“Size six? Wow, I wasn’t a size six last week!”
If you’ve ever walked into a store thinking you’re one size, and walked out holding another, this one’s for you. In most affordable clothing stores, there’s a huge discrepancy between what the size charts say you are, and what sizes clothes are marked as. At many popular retailers, you’ll find that you’re a medium in camisoles, then a x-small in the blouse you just picked up off the rack over.
These differences in size can be attributed to any number of things, like buying pieces from different manufacturers, or different fits for different styles. However, some researchers are documenting a noted trend of “vanity sizing” in stores, where retailers scale down sizes. For example, what was historically a size 14 could now be a size 10.
Historically, manufacturers used sizing numbers to standardize mass-produced clothing, and as statisticians have noted, as people got bigger, egos did as well. Many retail marketing teams saw it as an opportunity to get consumers to spend more money; if they thought that they were skinnier, they’d want to buy more clothes to “fit them.” In the United States and United Kingdom, which have the most notable trends of vanity sizing, sizes certainly dwindled over the years. Remember the popular stories of how Marilyn Monroe was a size 12? Her size 12 is a size six in modern terms.
I’m sure you’re thinking “what’s the big deal about that? It’s just a number.” People lend a lot of weight to these measurements, however. As noted in a Rutgers University journal article by Holly Ennis, self-esteem is inextricably linked with these sizing practices. Many women want to be skinnier, to get down to a certain goal weight or size. Ennis noted in the same article that sizing and vanity sizing across multiple retailers will also be different, a product of lack of standardization and the race to ‘0’ when it comes to sizing.

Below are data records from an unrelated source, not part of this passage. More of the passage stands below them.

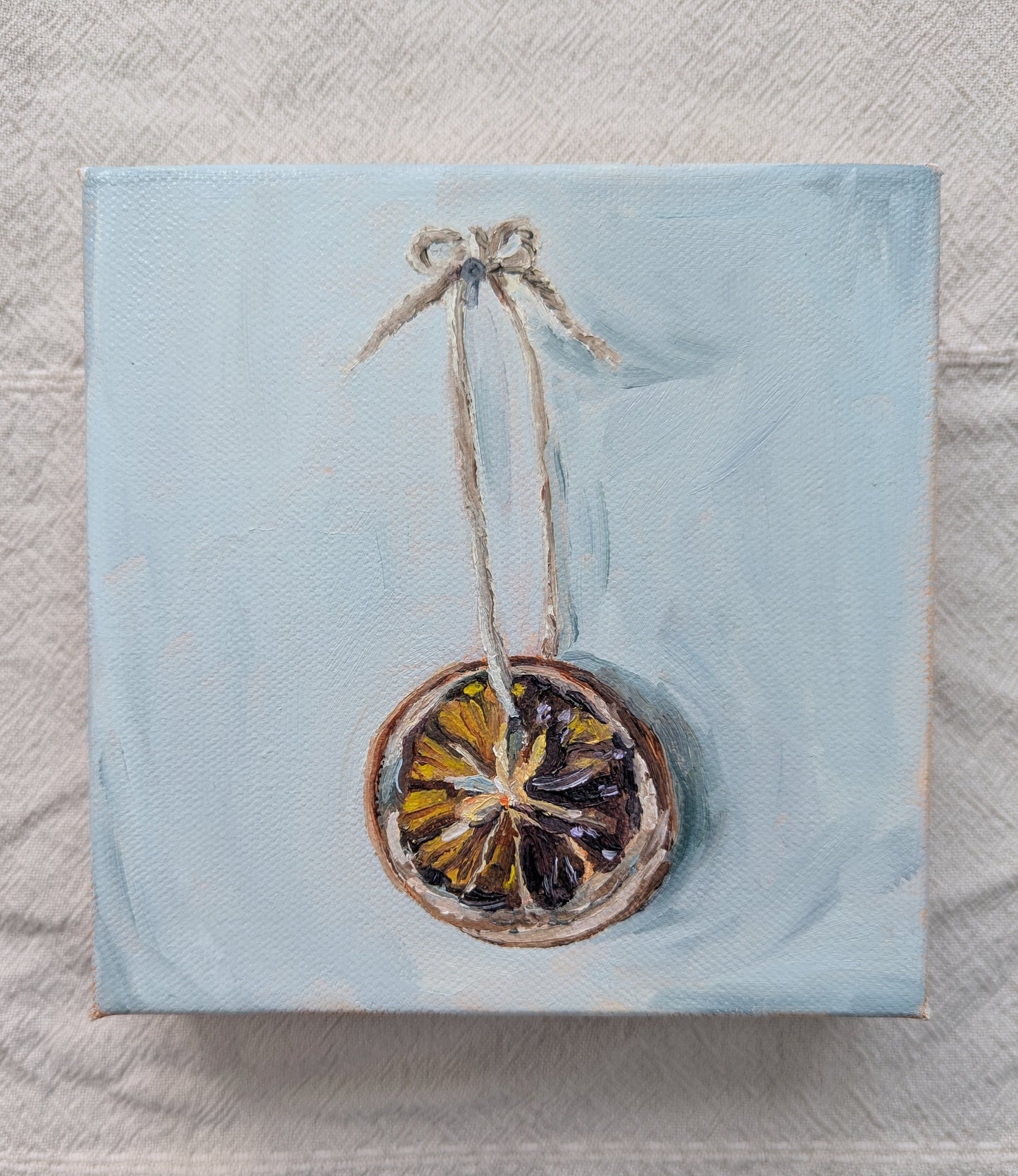 Original oil painting of vibrant orange slice, 6x6 inches on stretched canvas by Emily Langer
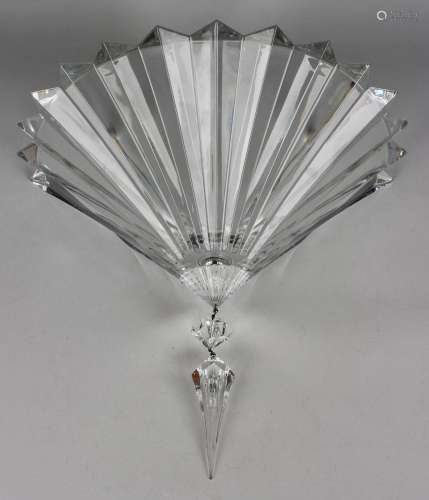 A contemporary Baccarat Crystal Mille Nuits wall sconce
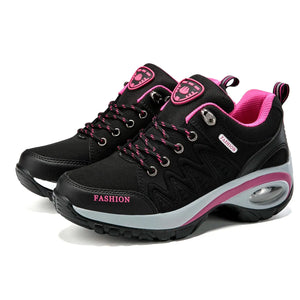 Black and pink sneakers with 'Fashion' text on a white background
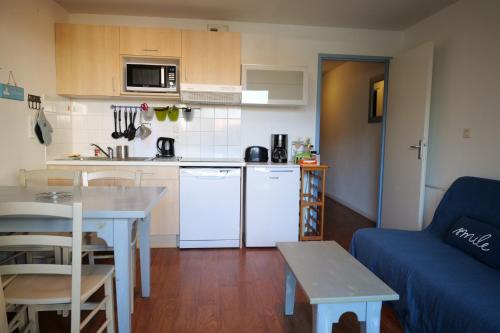 Il dispose d'une cuisine et d'un salon avec un canapé et une table. dans l'établissement Appartement pour 2-4 personnes piscine commune et parking privatif, à Les Sables-dʼOlonne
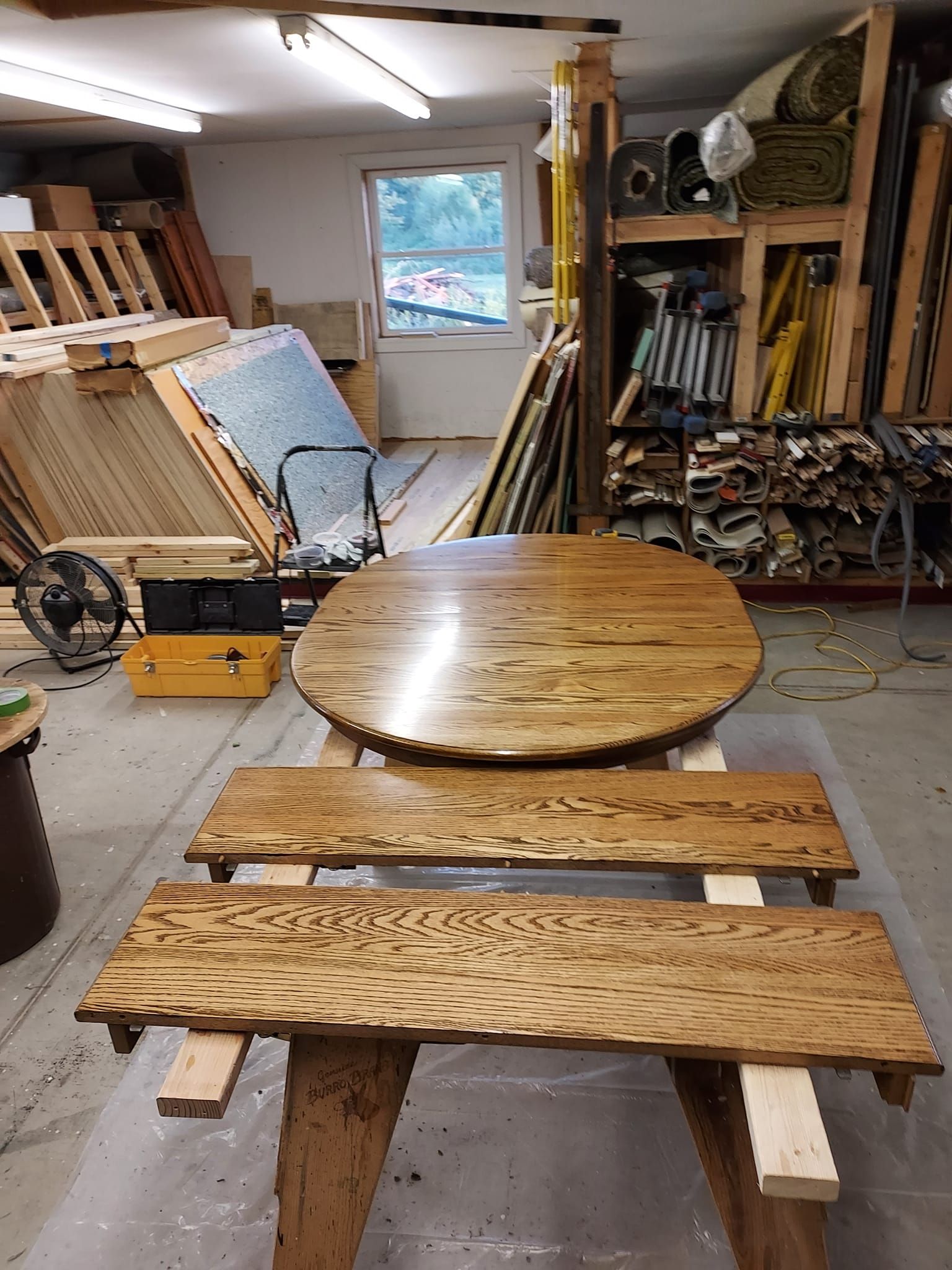 A round wooden tabletop and two matching rectangular wooden benches laid out on a workshop floor.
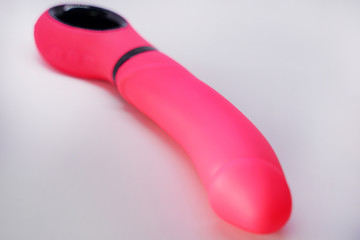 Bright sex toys on white background in the studio isolated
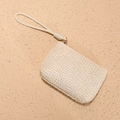 Monedero de tejido beige con asa de cuerda anudada y detalle de anillo dorado - Blanco Roto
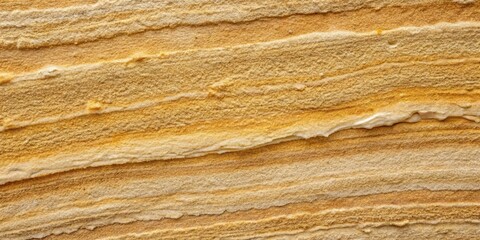 A close-up view of a sandstone formation, revealing the layered structure and earthy tones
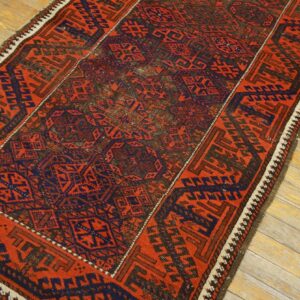 Red and navy geometric runner rug with tribal motifs resting on light, weathered wood flooring.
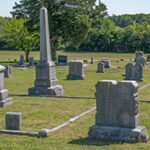 Cemetery with several tombstones and a tall obelisk, green grass and trees in the distance.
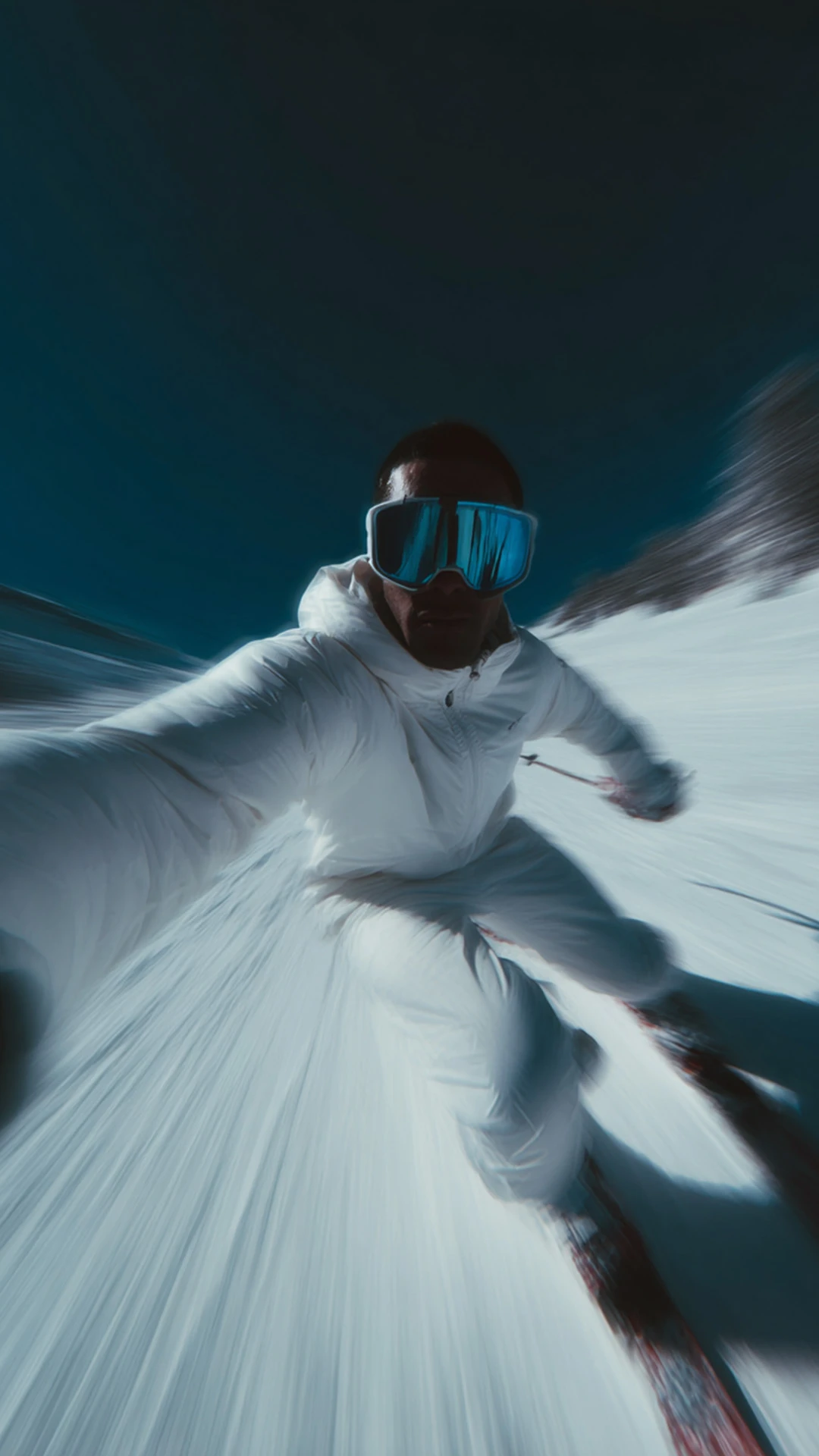 A skier going down the piste taking a selfie. High in motion which indicates the speed. Blue sky, white slopes and subtle sunlight.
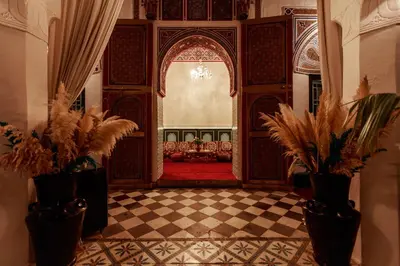 a living room with a couch and a checkered floor at Riad Catalina in Marrakech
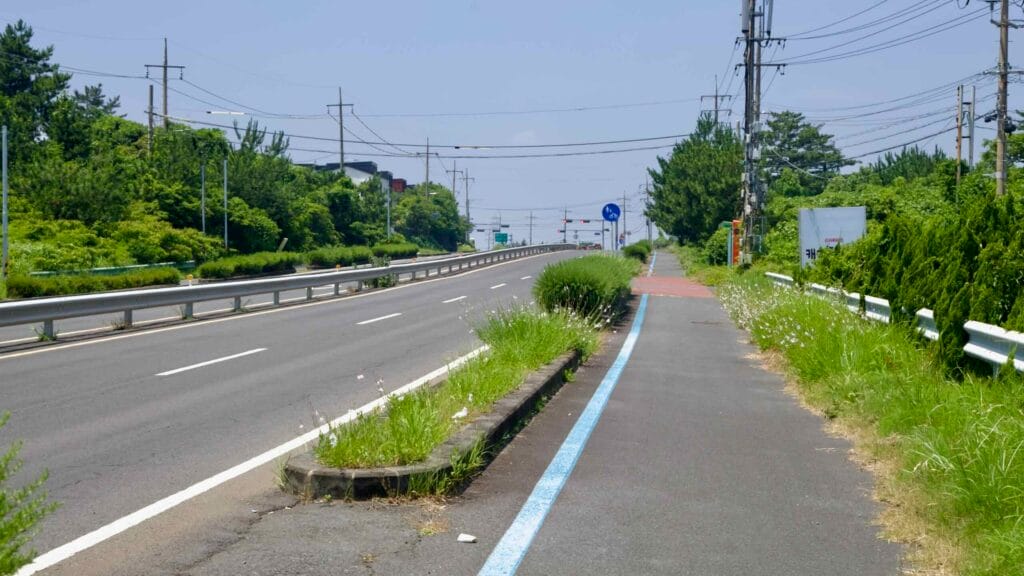 A blue-striped bike lane follows Iljudong-ro near Bukchon.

Of course, many shoppers are aware that this is a common practice in ready-to-wear fashion. According to a study from Eastern Michigan University, what the number is on the label doesn’t seem to determine whether a shopper makes a purchase. Researchers found that findings were inconclusive when it came to if whatever the number was negatively affected shopping habits. At the same time, they found that female consumers were satisfied with the mainstream, available sizes at their favorite retailers.
While there seems to be a lot of disagreement on what the point of vanity sizing is, there’s no doubt that it’s caught on like fire in the retail world. What’s your experience with vanity sizing?